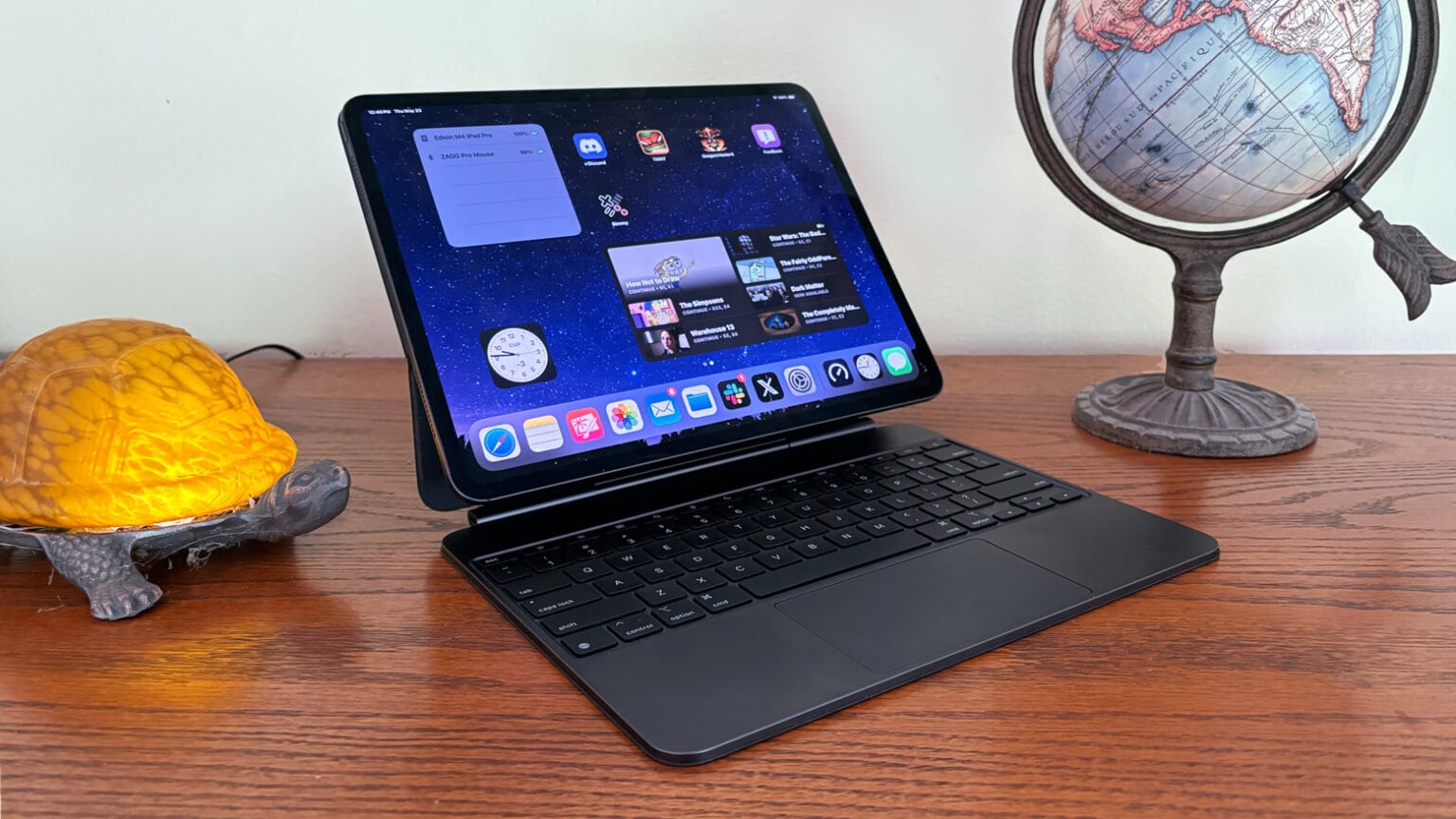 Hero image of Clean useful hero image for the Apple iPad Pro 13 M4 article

* * * * * * * * *

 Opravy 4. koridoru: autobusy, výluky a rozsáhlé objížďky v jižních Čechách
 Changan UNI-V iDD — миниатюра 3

* * * * * * * * *

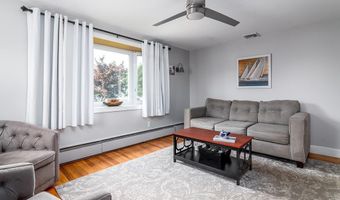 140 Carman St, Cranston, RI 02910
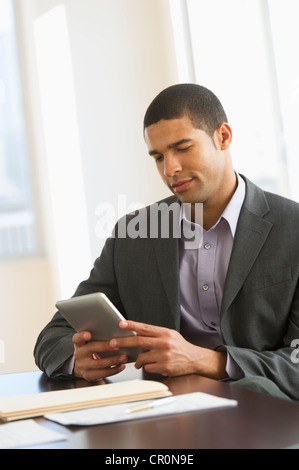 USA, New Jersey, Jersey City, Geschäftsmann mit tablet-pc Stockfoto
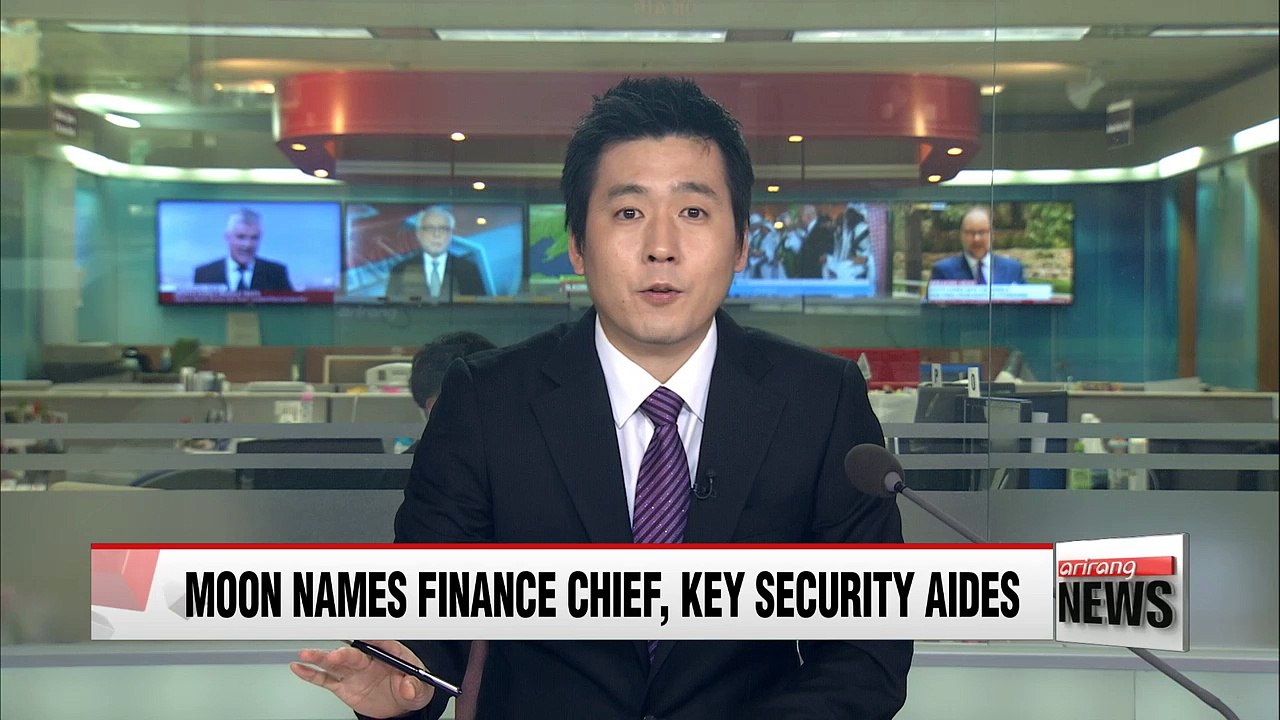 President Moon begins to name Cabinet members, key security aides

* * * * * * * * *

What the task asks -
From the listing above, output exactly the run of lines that starts with the line containing "Opravy 4. koridoru: autobusy, výluky" and ends with the line containing "Changan UNI-V iDD — миниатюра 3".

Response area -
 Opravy 4. koridoru: autobusy, výluky a rozsáhlé objížďky v jižních Čechách
 Changan UNI-V iDD — миниатюра 3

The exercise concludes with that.